Hmm -- Try this perhaps I didn't copy everything

{"_id":"a-delete-yellow-pages","startUrl":["https://www.yellowpages.com.au/search/listings?clue=Auto+wreckers+%26+recyclers&eventType=pagination&pageNumber=1"],"selectors":[{"id":"pagination","type":"SelectorLink","parentSelectors":["_root","pagination"],"selector":".navigation:LAST","multiple":false,"delay":0},{"id":"business_page","type":"SelectorElement","parentSelectors":["_root","pagination"],"selector":"div.cell.find-show-more-trial:nth-of-type(n+3),div.search-contact-card.call-to-actions-4","multiple":true,"delay":0},{"id":"business_name","type":"SelectorText","parentSelectors":["business_page"],"selector":".listing-name","multiple":false,"regex":"","delay":0},{"id":"business_number","type":"SelectorText","parentSelectors":["business_page"],"selector":".contact-text:first","multiple":false,"regex":"","delay":0},{"id":"business_address","type":"SelectorText","parentSelectors":["business_page"],"selector":".listing-address","multiple":false,"regex":"","delay":0},{"id":"business_class_location","type":"SelectorText","parentSelectors":["business_page"],"selector":".listing-heading","multiple":false,"regex":"","delay":0},{"id":"Email","type":"SelectorHTML","parentSelectors":["business_page"],"selector":"div.call-to-action.first:nth-of-type(2)","multiple":false,"regex":"(?:[a-z0-9!#$%&'*+/=?^_`{|}~-]+(?:\\.[a-z0-9!#$%&'*+/=?^_`{|}~-]+)*|\"(?:[\\x01-\\x08\\x0b\\x0c\\x0e-\\x1f\\x21\\x23-\\x5b\\x5d-\\x7f]|\\\\[\\x01-\\x09\\x0b\\x0c\\x0e-\\x7f])*\")@(?:(?:[a-z0-9](?:[a-z0-9-]*[a-z0-9])?\\.)+[a-z0-9](?:[a-z0-9-]*[a-z0-9])?|\\[(?:(?:25[0-5]|2[0-4][0-9]|[01]?[0-9][0-9]?)\\.){3}(?:25[0-5]|2[0-4][0-9]|[01]?[0-9][0-9]?|[a-z0-9-]*[a-z0-9]:(?:[\\x01-\\x08\\x0b\\x0c\\x0e-\\x1f\\x21-\\x5a\\x53-\\x7f]|\\\\[\\x01-\\x09\\x0b\\x0c\\x0e-\\x7f])+)\\])","delay":0},{"id":"Webpage","type":"SelectorHTML","parentSelectors":["business_page"],"selector":"div.call-to-action-group:nth-of-type(2) div.call-to-action:nth-of-type(1)","multiple":false,"regex":"[-a-zA-Z0-9@:%._\\+~#=]{2,256}\\.[a-z]{2,6}\\b([-a-zA-Z0-9@:%_\\+.~#?&//=]*)","delay":0}]}

Was just the last } was missing haha - but it keeps only scraping about 1300-1500 items? When there are 8000 to scrape? Not sure why...
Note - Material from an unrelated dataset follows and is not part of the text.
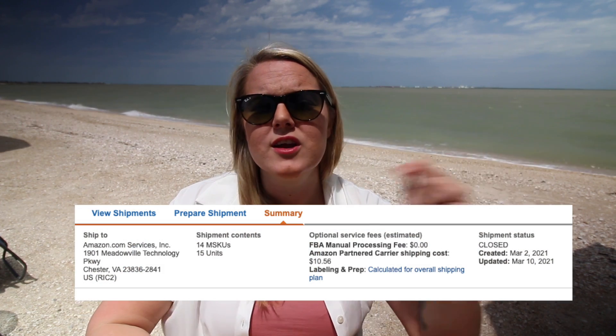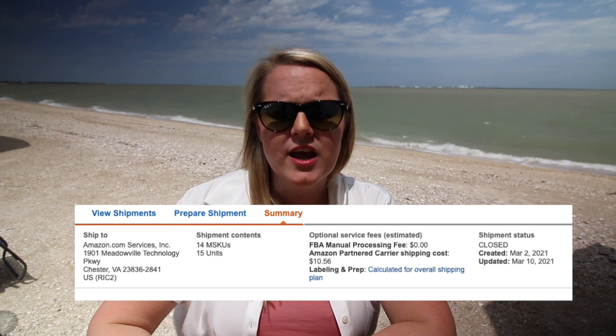If you want to calculate your actual per-unit shipping cost, here's how: go to your previous shipments under Manage Inventory > FBA Shipments, click on one, and at the top it'll tell you how much you paid. For example, this shipment went from Oregon to Virginia, cost $10.56 total, and 15 items were in it.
Jay - I'm only showing 2200 items in the list. Where are you seeing 800? That being said, I'm entirely sure why we aren't capturing all of them.

Maybe @iconoclast can weight in but from what I'm seeing the sitemap (Selectors) change after page 5 and perhaps they change again somewhere in the pagination. I accounting for the first shift by using two selectors in the element selector but perhaps I need a third or forth?